Improving the sexual and reproductive health of HIV-positive women could lead to a reduction in the incidence rate and transmission risk of AIDS requires identifying its specific criteria. Therefore, it is necessary to develop an assessment instrument for assessing the sexual and reproductive health of women living with HIV. Given the lack of information on the reproductive health status of this group of people, along with much of inconsistency between culture society and items studies in these kinds of inventories, the present tool was adjusted to be consistent with Iranian culture was developed to evaluate the current reproductive health status of HIV-positive women living in Iran. This valid and reliable tool was developed which is usable in risk behaviors consulting services, all health centers and, also, studies on HIV-infected women.

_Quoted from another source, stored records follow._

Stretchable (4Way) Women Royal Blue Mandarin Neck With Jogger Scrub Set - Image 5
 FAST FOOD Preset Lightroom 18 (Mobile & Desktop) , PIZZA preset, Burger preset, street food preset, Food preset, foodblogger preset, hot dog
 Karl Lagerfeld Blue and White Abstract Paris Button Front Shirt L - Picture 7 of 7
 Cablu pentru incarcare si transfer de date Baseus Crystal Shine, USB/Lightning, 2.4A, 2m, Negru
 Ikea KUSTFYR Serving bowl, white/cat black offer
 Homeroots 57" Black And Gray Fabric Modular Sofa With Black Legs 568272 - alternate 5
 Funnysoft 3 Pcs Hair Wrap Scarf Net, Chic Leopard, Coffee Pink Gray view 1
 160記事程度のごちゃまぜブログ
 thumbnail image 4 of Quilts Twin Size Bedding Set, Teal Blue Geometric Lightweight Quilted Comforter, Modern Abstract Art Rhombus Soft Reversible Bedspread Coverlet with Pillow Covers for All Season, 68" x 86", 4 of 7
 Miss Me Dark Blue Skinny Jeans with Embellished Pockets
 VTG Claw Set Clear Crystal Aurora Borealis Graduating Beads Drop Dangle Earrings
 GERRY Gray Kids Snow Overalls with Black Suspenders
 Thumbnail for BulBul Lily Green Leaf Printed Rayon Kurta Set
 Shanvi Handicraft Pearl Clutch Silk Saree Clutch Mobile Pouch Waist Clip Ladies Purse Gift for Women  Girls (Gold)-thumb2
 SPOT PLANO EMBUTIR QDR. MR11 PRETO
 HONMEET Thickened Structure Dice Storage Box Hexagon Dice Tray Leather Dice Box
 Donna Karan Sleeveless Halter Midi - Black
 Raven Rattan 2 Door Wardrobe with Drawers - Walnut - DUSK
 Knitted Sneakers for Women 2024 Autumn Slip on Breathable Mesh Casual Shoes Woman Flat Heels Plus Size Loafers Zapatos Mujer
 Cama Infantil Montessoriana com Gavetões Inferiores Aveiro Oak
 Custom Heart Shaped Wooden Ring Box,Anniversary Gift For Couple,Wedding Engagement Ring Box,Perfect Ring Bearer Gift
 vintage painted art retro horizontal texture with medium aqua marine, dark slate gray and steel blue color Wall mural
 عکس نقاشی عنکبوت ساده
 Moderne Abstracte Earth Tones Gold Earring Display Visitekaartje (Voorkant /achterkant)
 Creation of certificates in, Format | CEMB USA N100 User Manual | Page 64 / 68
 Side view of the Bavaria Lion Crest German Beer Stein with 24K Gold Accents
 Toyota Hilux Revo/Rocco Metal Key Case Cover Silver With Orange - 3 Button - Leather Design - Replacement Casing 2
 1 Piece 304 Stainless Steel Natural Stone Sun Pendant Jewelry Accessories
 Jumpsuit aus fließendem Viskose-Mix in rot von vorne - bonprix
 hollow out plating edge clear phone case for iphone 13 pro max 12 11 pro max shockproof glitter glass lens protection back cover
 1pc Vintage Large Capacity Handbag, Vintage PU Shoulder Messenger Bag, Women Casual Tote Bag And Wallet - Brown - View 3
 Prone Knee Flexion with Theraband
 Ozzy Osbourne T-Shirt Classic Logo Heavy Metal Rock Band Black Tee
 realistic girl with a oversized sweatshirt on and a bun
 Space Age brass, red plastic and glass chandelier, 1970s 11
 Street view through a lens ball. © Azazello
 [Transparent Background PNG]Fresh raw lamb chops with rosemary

5.2. Ethical Considerations

Approval of the ethics committee was received from Tehran University of Medical Science on 2 February 2014 (No: 92/2639/130/d). All the participants were informed about the purposes and methods of this study. All the participants who agreed to participate in the study signed informed consent letters. They were assured about the anonymity and confidentiality of the data they provided. All the participants were advised that they were free to participate in or withdraw from the study. No time limit was imposed to complete each questionnaire, and completion took approximately 15 min.